RECORDS SHOWN.
· · · · · · ·
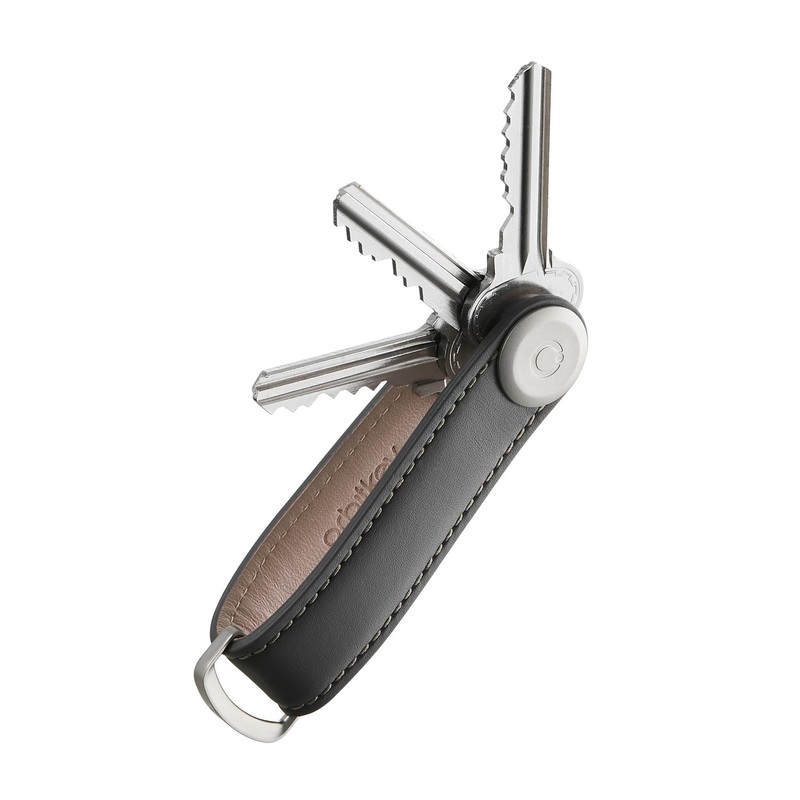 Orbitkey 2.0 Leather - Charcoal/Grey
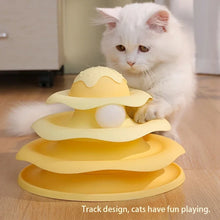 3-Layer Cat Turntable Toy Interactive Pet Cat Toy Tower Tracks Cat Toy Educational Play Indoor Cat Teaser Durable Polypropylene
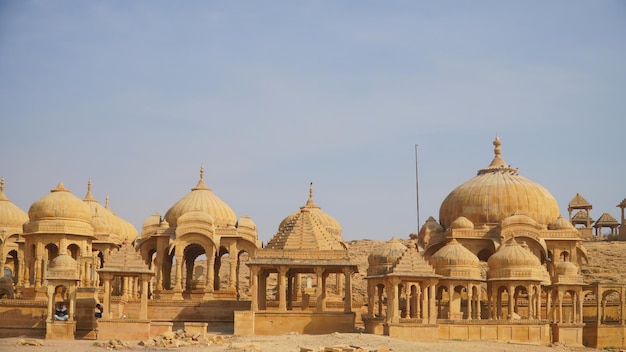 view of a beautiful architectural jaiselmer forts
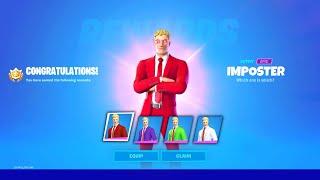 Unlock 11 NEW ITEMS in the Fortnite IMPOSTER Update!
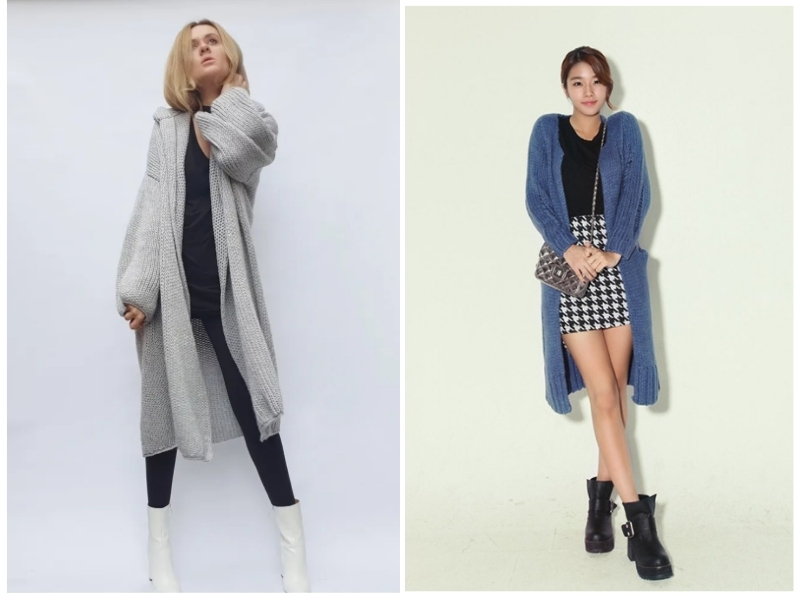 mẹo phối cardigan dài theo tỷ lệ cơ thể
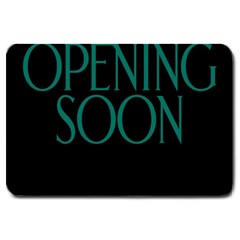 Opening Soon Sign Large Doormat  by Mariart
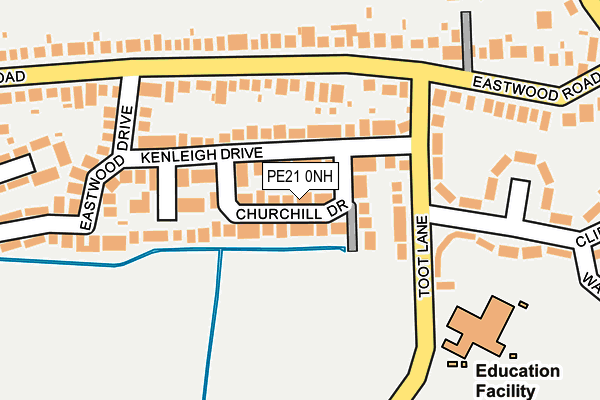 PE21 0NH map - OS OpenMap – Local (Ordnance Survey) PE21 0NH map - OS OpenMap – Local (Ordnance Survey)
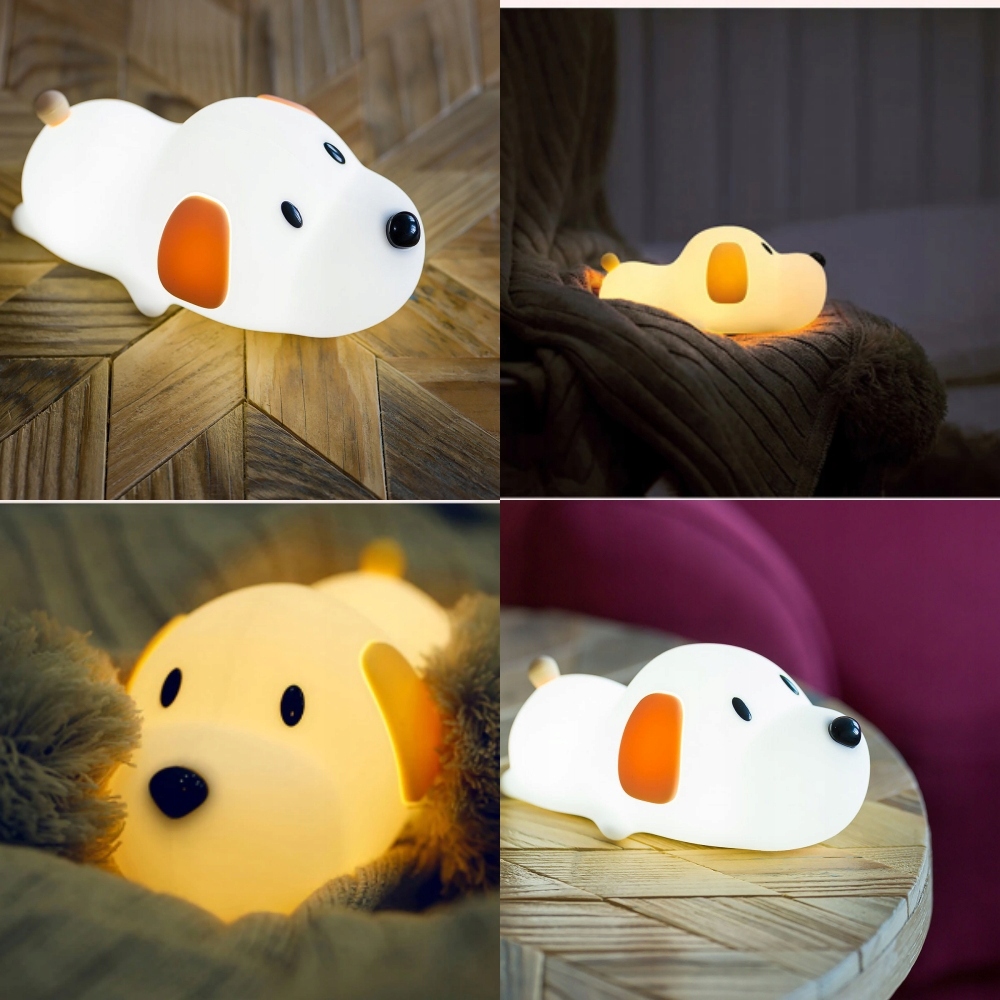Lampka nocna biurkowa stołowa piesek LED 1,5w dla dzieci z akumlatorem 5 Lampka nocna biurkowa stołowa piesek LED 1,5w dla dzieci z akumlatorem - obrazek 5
· · · · · · ·
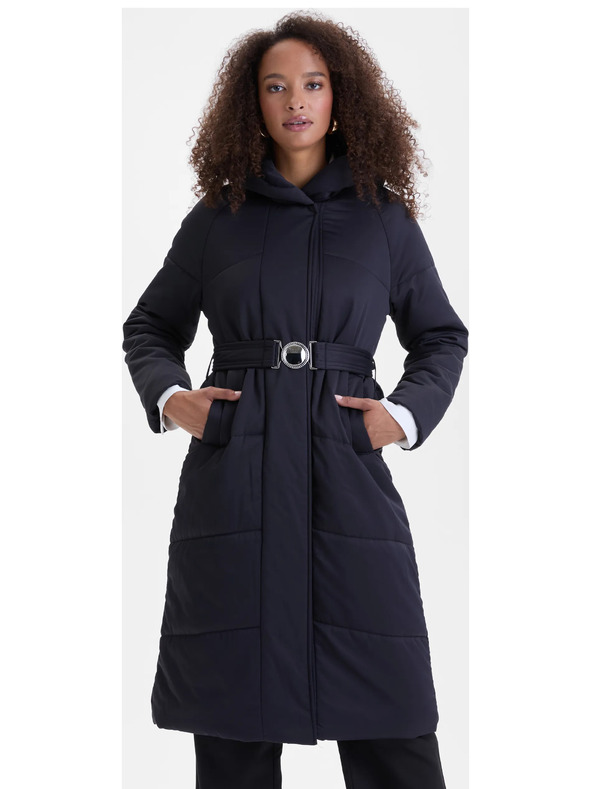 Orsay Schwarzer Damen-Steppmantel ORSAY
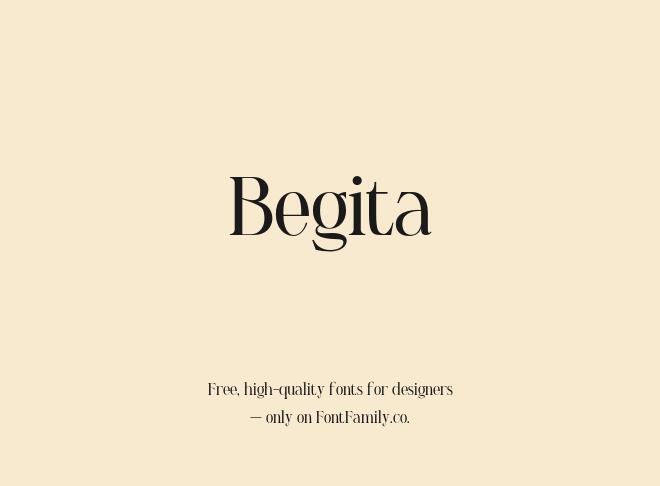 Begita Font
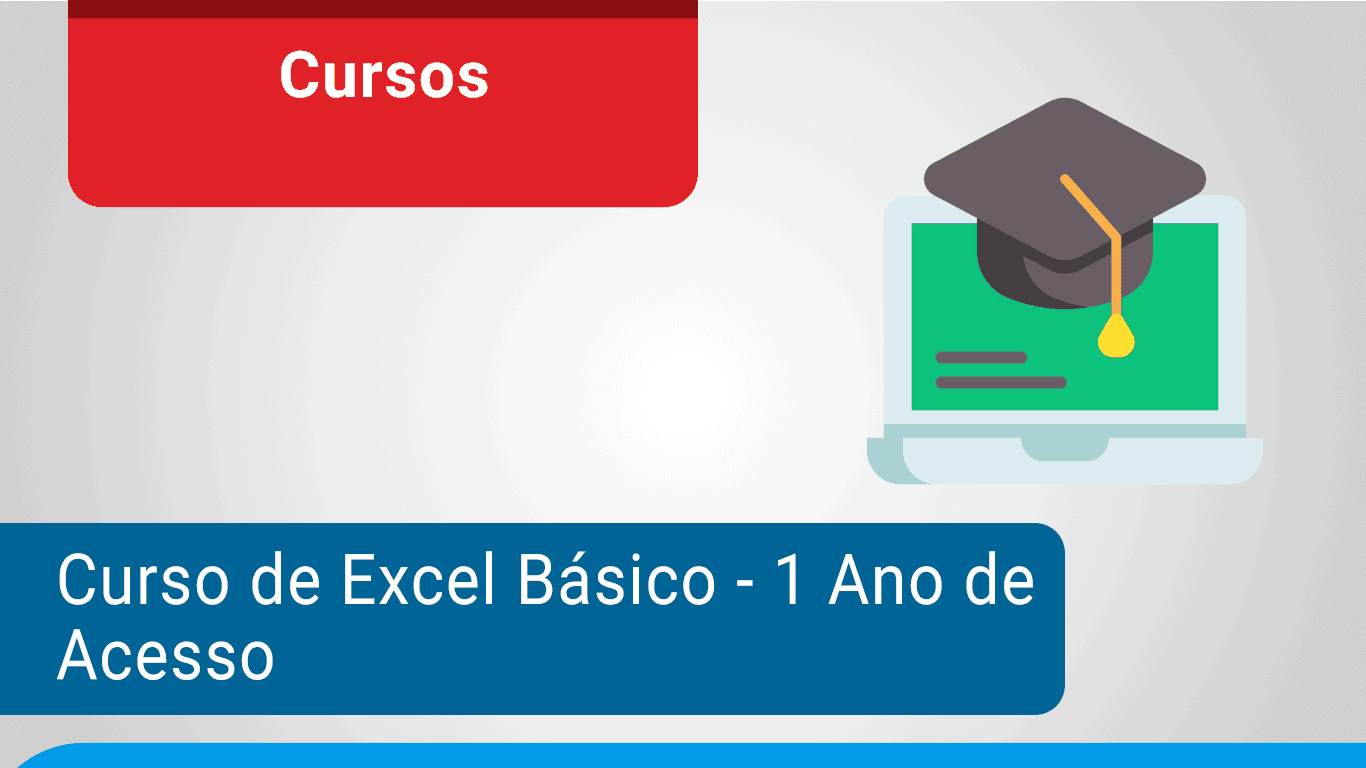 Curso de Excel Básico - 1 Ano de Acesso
· · · · · · ·
WORK TO BE COMPLETED.
Extract, without any images, the part of the material above that opens with the line containing "mẹo phối cardigan dài theo tỷ lệ cơ thể" and closes with the line containing "PE21 0NH map - OS OpenMap – Local (Ordnance Survey) PE21", both lines included.

COMPLETED TASK.
 mẹo phối cardigan dài theo tỷ lệ cơ thể
 Opening Soon Sign Large Doormat  by Mariart
 PE21 0NH map - OS OpenMap – Local (Ordnance Survey) PE21 0NH map - OS OpenMap – Local (Ordnance Survey)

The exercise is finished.